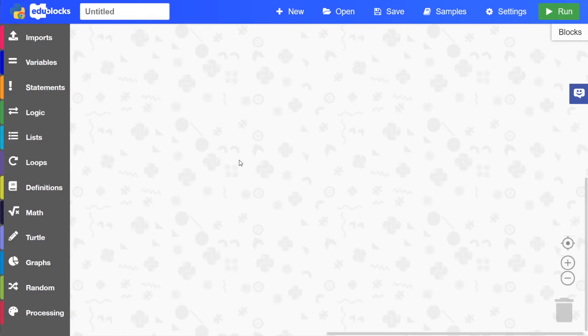If you aren't already familiar with the different features of the Python 3 mode, go back to the videos page and click on the Python mode walkthrough video to get more familiar with the different features there.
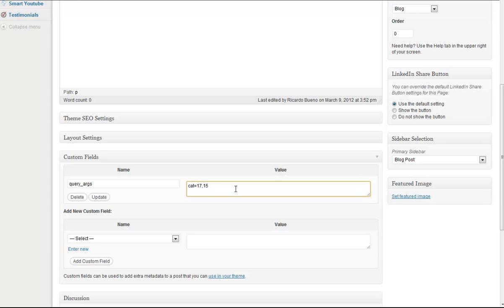Hit publish, and you'll have a page with two categories, so on and so forth.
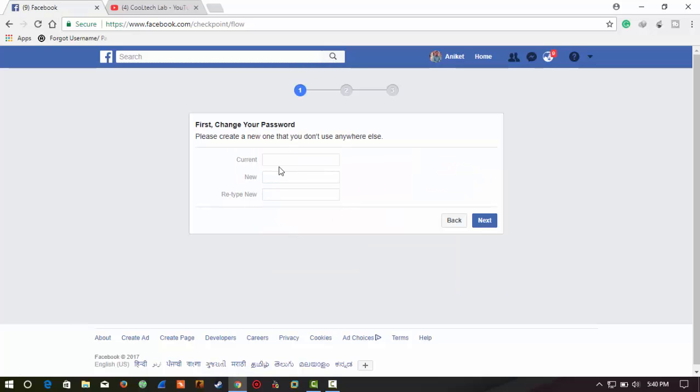It's asking you to change your password. So first, you should enter your recent password, that is your current password.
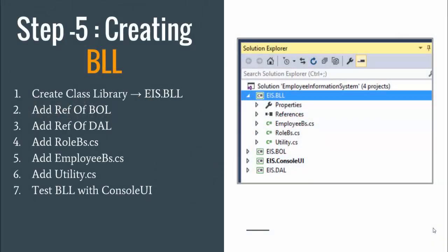In this video let us see how to create our business logic layer. My business logic layer will be a class library, so I need to create a class library. Then I need to add the references of business object layer and data access layer, and I need to create business classes for roles like we have created data classes roleDB and employeeDB. In the same way I need to create roleBS and employeeBS.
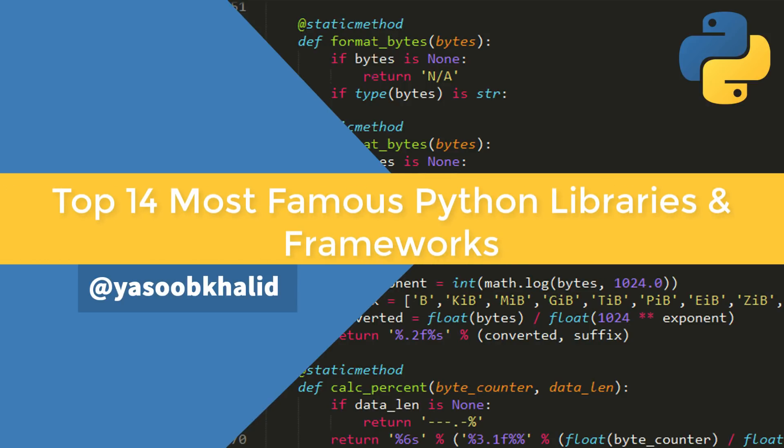Hello everyone, I'm your host Yasub from PythonTips.com and in this video we will be taking a look at my favorite 14 top Python libraries and frameworks.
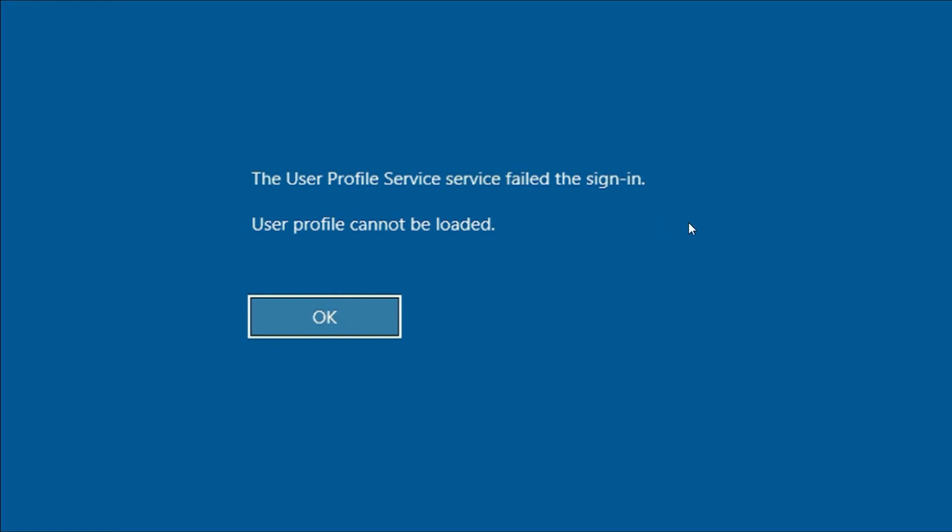Good day everyone. If you are facing a sign-in problem and getting this kind of error - the User Profile Service failed the sign-in, user profile cannot be loaded - in this video let's fix this problem.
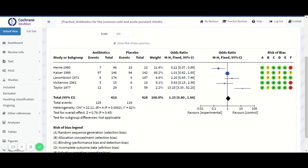This video will show you how to subgroup an analysis based on study-centric data by covariates. This type of subgrouping is only possible when you have one set of category for the covariate per study.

Task statement |
Please quote the lines of the material, beginning with the first and ending with the one that contains "In this video let us", exactly as written and without any pictures.

Task result |
If you aren't already familiar with the different features of the Python 3 mode, go back to the videos page and click on the Python mode walkthrough video to get more familiar with the different features there.
Hit publish, and you'll have a page with two categories, so on and so forth.
It's asking you to change your password. So first, you should enter your recent password, that is your current password.
In this video let us see how to create our business logic layer. My business logic layer will be a class library, so I need to create a class library. Then I need to add the references of business object layer and data access layer, and I need to create business classes for roles like we have created data classes roleDB and employeeDB. In the same way I need to create roleBS and employeeBS.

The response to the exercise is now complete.